No. 1

Photo by Robin Weinstein.
Photo by Robin Weinstein.
Photo by Robin Weinstein.

The Men’s Volleyball team has had a series of bumps and spikes the past two weeks.

The Hawks have maintained the No. 1 ranking in Div. III two weeks running, beating rival Springfield College and reaching a ten-game winning streak within the last three weeks of play. But the team’s relentless success ran short Feb. 25 when the Hawks fell to United Volleyball Conference (UVC) rival No. 6 Massachusetts Institute of Technology.

The Hawks came into the Springfield Invitational on Feb. 14 with a No. 3 ranking and vendetta to beat the No. 2 Pride, who had defeated the Hawks in their home opener two weeks prior in a 3-1 loss.

“I feel our team looked at that loss as a learning experience and we were able to see what we did wrong and make adjustments and come out stronger for the second time we played them,” fourth-year Captain Victor Tuminelli said.

The Hawks came out swinging, sweeping the No. 1 ranked Rivier University 3-0 in the first match of the tournament before ousting Springfield in a tight three sets (25-23, 25-22, 25-23). The following day the Hawks clinched the tournament title with a sweep of Johnson and Wales University and a 3-1 win over Bard College.

Defeating the top two Div. III teams in the country and boasting a total 195 points, the Hawks received all 13 first-place votes from the American Volleyball Coaches Association (AVCA) NCAA Div. III Men’s Coaches Top-15 Poll, putting them in first place. This is the first time in the history of Hawks athletics that a program has received a No. 1 ranking in national standings.

“Everyone was really proud to be a part of the program,” Tuminelli said, “Most of us have been working for this for the past year and a half now, and we finally get the respect that we deserve.”

Second-year middle blocker Christopher Husmann said what separates the team from other high ranking programs like Springfield is the unconventional way in which they optimize each position and the court as a whole.

“We run a 6-2 when most teams run a 5-1,” Husmann said. “We have an outside [hitter] that’s a lefty and not many teams have that. We have an All-American outside, we have a libero that thinks he plays setter, we have a great middle blocker in Steve [Woessner], and then we have me, who’s not really a middle, but plays a kind of unorthodox middle.”

Second-year outside hitter Tim Ferriter said with the Hawks’ depth of talent and confidence in their ability of play, opposing teams are unable to pinpoint which members of their team are go-to players — allowing the Hawks to out power other teams and execute their plays.

“When a team has faith in each other, things start to flow and we can focus on individual skills that need improving instead of having to make up for others,” Ferriter said.
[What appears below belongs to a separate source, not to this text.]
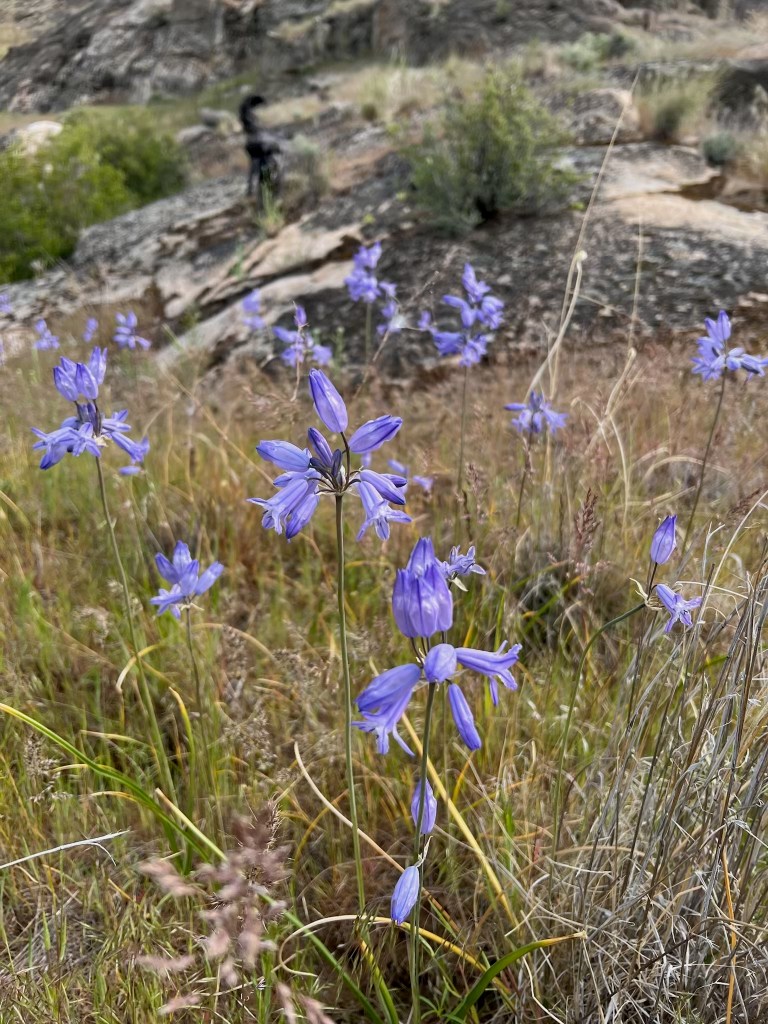 blue-lily wildflower Triteleia grandiflora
Head Coach Radu Petrus said he is happy with what the team has accomplished in obtaining a No. 1 ranking, but acknowledges the pressure that comes with such a title.

“Now it’s tough to stay No. 1, because everyone wants to beat us,” Petrus said. “Hopefully we can survive.”

Petrus’ concern came to fruition Tuesday, however, as the team dropped a five-set match (23-25, 25-23, 22-25, 25-17, 14-16) to MIT, who Petrus said were coming off of big wins against UC Santa Cruz and Vassar College and had only lost one UVC match thus far this season.

“We prepare for these UVC matches by looking at film from all the teams in our conference,” Petrus said. “We look for their weakness, for both offense and defense, against each team. We play our best players and play our best strategy.”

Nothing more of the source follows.